**WHAT TO DO:**
Using the listing below, reproduce exactly the lines from the one with "Fester Einband Sterben" through the last, with all pictures left out.

**GIVEN DATA:**
>>>>
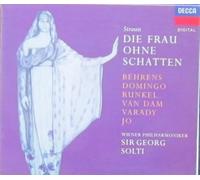 Richard Strauss: Die Frau Ohne Schatten -Georg Solti , Vienna Philharmonic Orchestra , Placido Domingo , Julia Varady, BEHRENS, RUNKEL, VAN DAM, SUMI JO- 3CD SET / DECCA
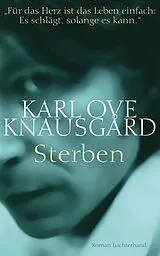 Fester Einband Sterben von Karl Ove Knausgård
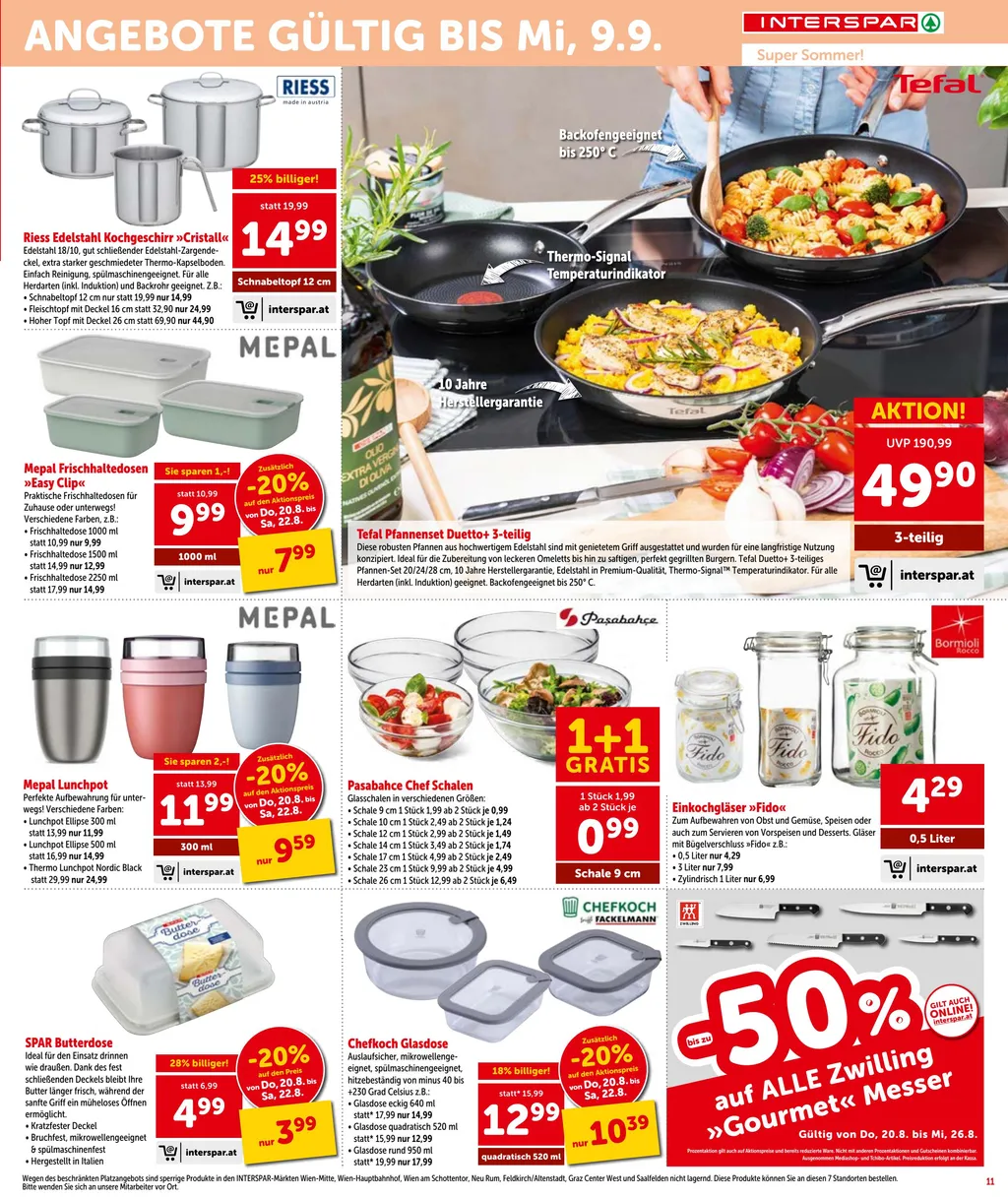 Interspar Flugblatt ab 20.08.2026 (Donnerstag)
<<<<
**FINISHED TASK:**
 Fester Einband Sterben von Karl Ove Knausgård
 Interspar Flugblatt ab 20.08.2026 (Donnerstag)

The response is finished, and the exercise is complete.